▶ TASK INPUT:
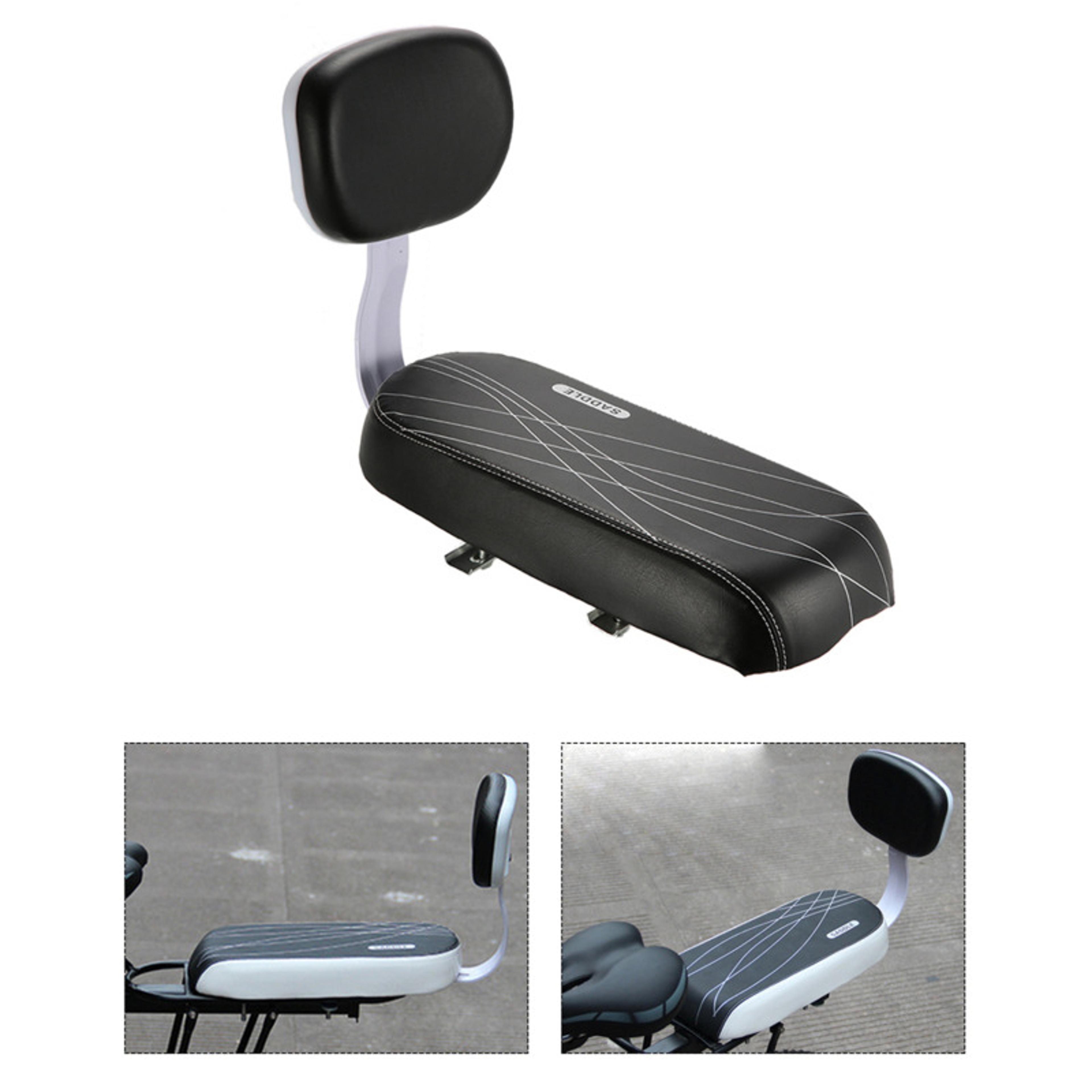 children seat with back rest, bicycle back seat bike, pu leather soft cushion rear rack, water resistant seat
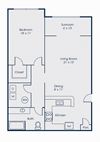 Floor Plan for One Bedroom One Bath with Sunroom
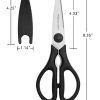 02 Kitchen Scissors for Food, HUNTER.DUAL Heavy Duty Come Apart Poultry Shears for Cooking, All Purpose for Cutting Chicken, Meat, Fish & Vegetables (Black, 8.35 Inch)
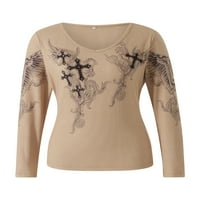 Ženska proljetna jesen Ležerne majice Cross Wings Print dugih rukava plitki V izrez Flimu pulover vrhova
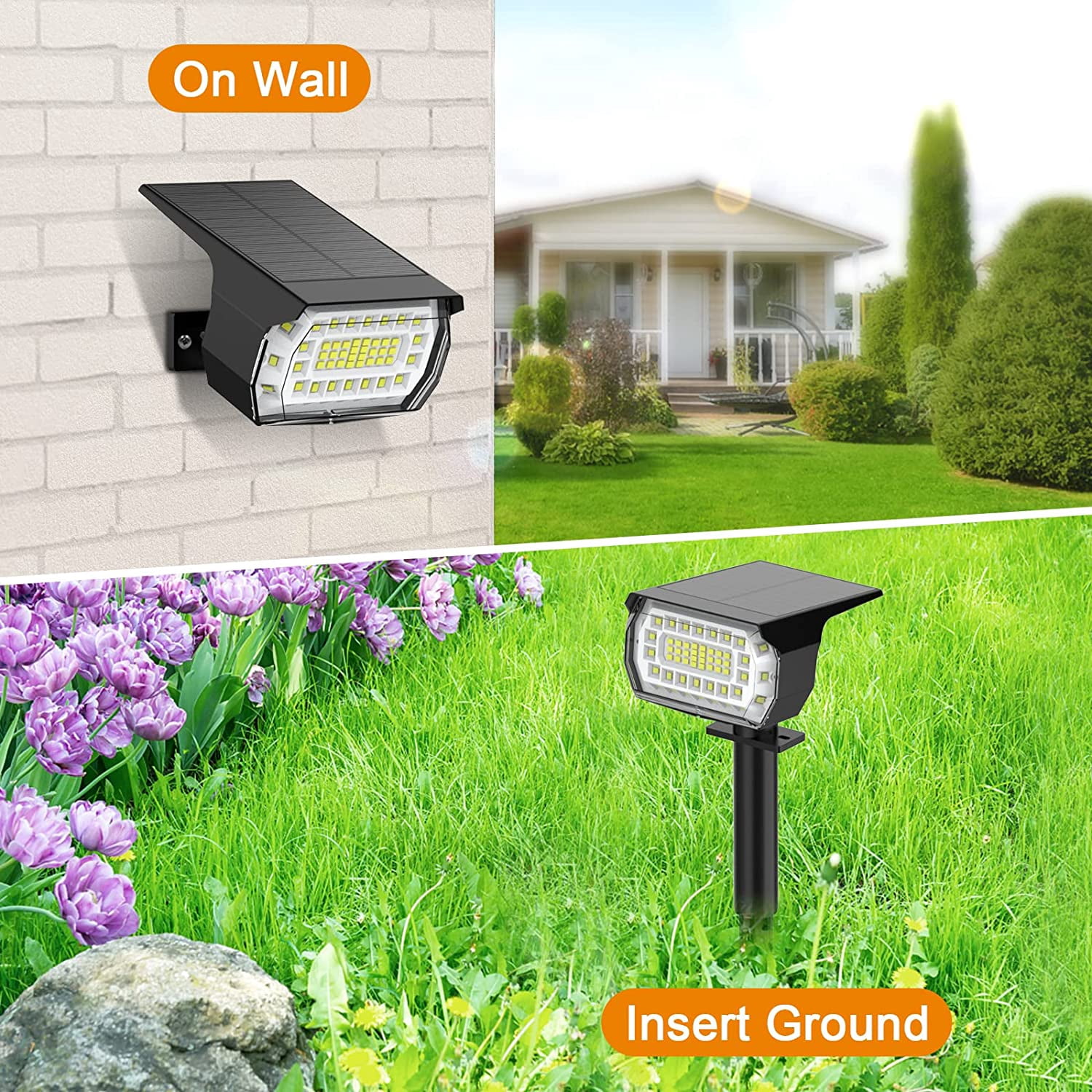 Solar Spot Lights Outdoor, [8 Pack/76 LED] 2-in-1 Solar Landscape Spotlights, 3 Modes IP65 Waterproof Dusk to Dawn Solar Powered Flood Wall Lights for Outside Yard Garden Pathway(Cool White)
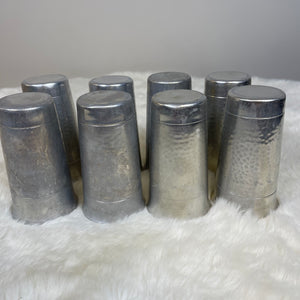 Set of 8 Vintage Hammered Aluminum Tumblers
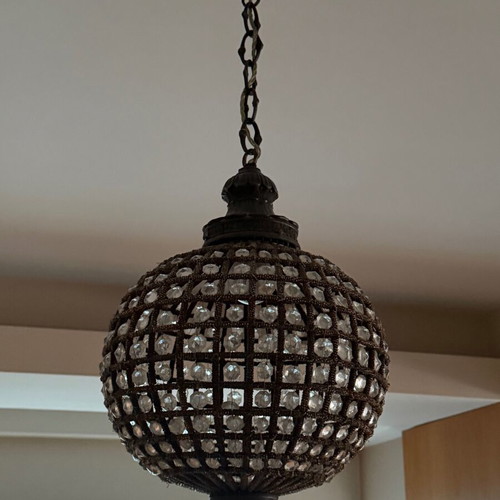 Vintage ceiling lights used, handmade bronze with crystals, set of 2
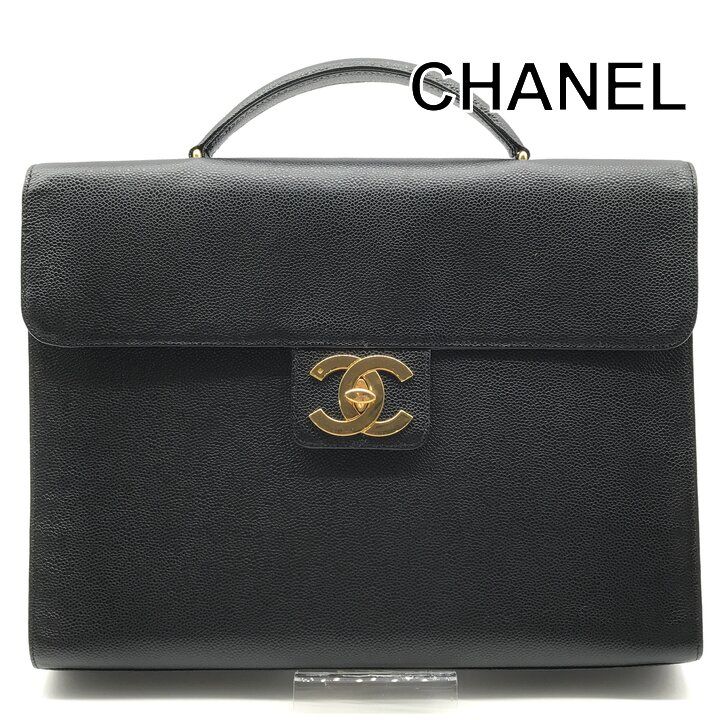 Chanel CC Logo Turnlock Caviar Leather Business Hand Bag Black
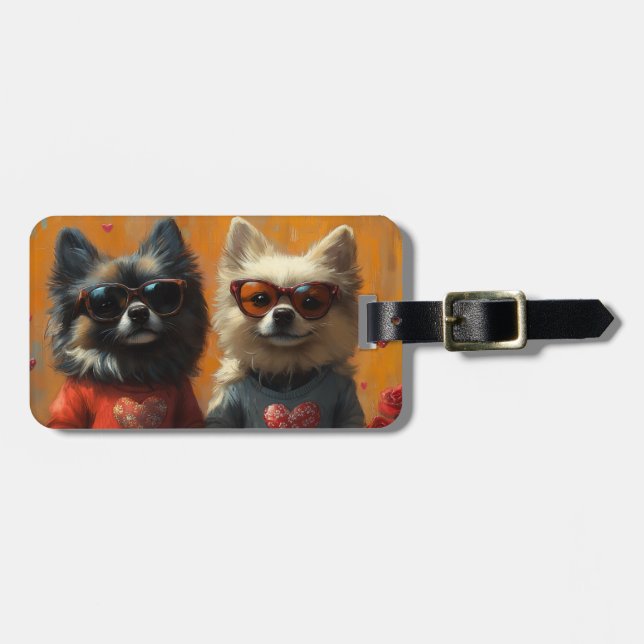 Keeshond med hjärterosor Alla hjärtans dag Bagagebricka (Horisontell Framsida)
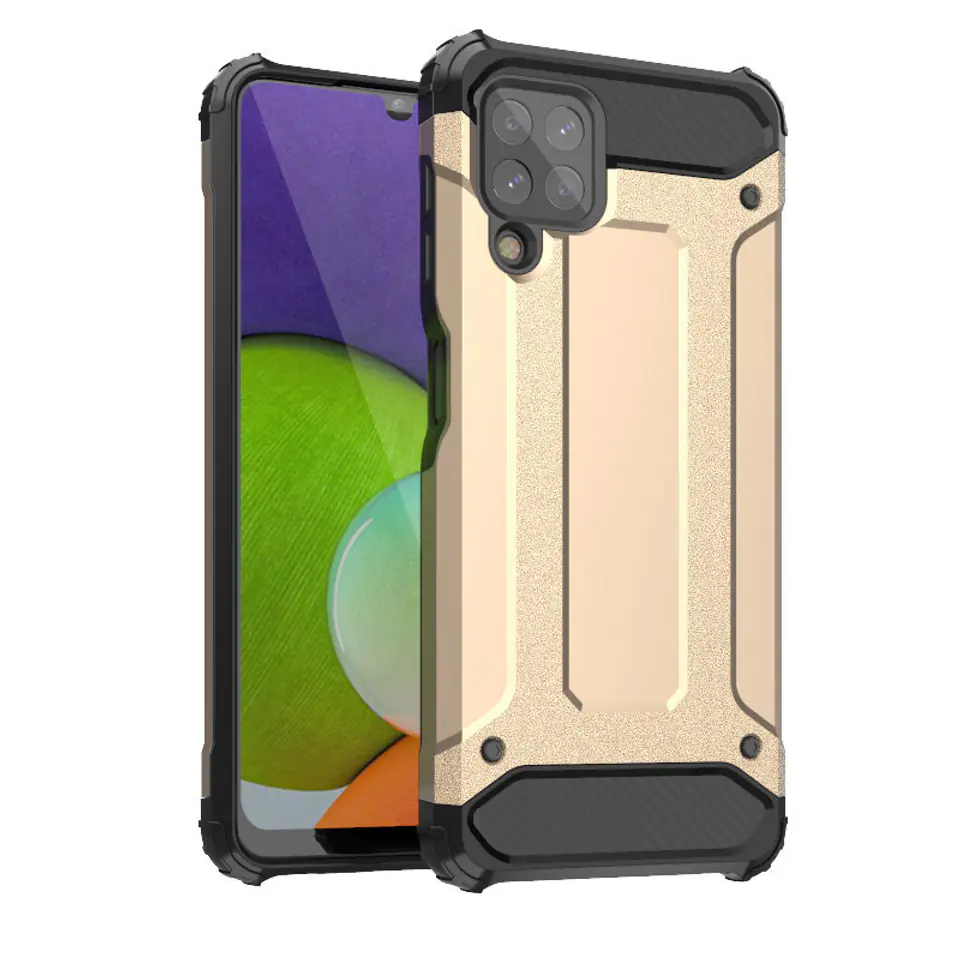 ⁨Hybrid Armor pancerne hybrydowe etui pokrowiec Samsung Galaxy A22 4G złoty⁩ w sklepie Wasserman.eu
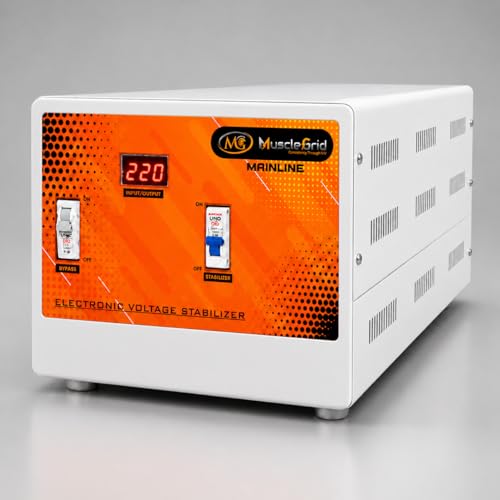 Image of MuscleGrid Mainline 8 KVA Electronic Voltage Stabilizer for Home, Office & Shop, 32 Amps Load, 90V-300V Input Range, Toroidal Transformer, 220V Output, Wall Mount & Floor Mount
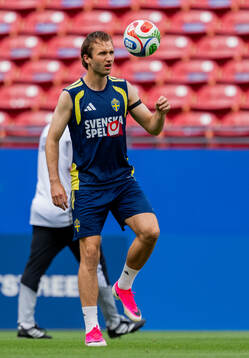 Benjamin Nygren of the Swedish national football team at a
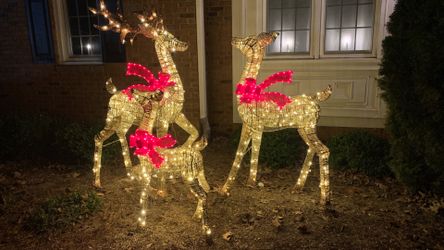 Christmas in the Summer—Trio of Lighted Deer
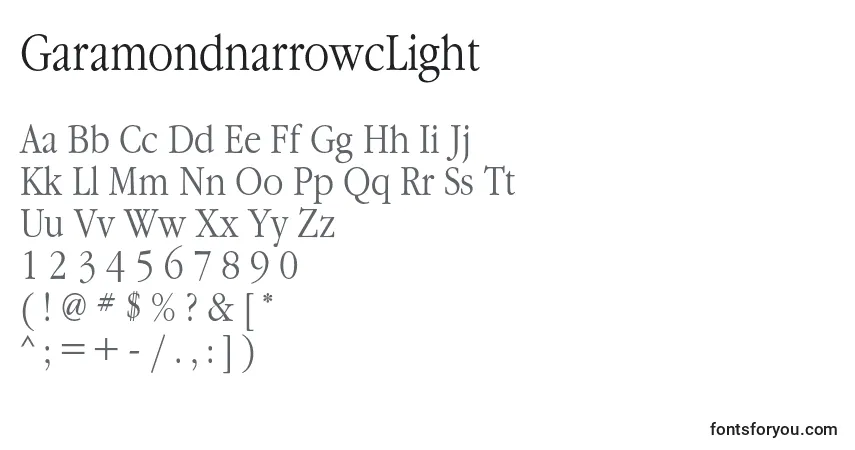 GaramondnarrowcLight-fontti – aakkoset, numerot, erikoismerkit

▶ TRY IT: From the data above, retype only the lines starting with the line with "Chanel CC Logo" and going on through the line with "w sklepie Wasserman.eu", exactly, leaving out the pictures.

▶ RESPONSE AREA:
 Chanel CC Logo Turnlock Caviar Leather Business Hand Bag Black
 Keeshond med hjärterosor Alla hjärtans dag Bagagebricka (Horisontell Framsida)
 ⁨Hybrid Armor pancerne hybrydowe etui pokrowiec Samsung Galaxy A22 4G złoty⁩ w sklepie Wasserman.eu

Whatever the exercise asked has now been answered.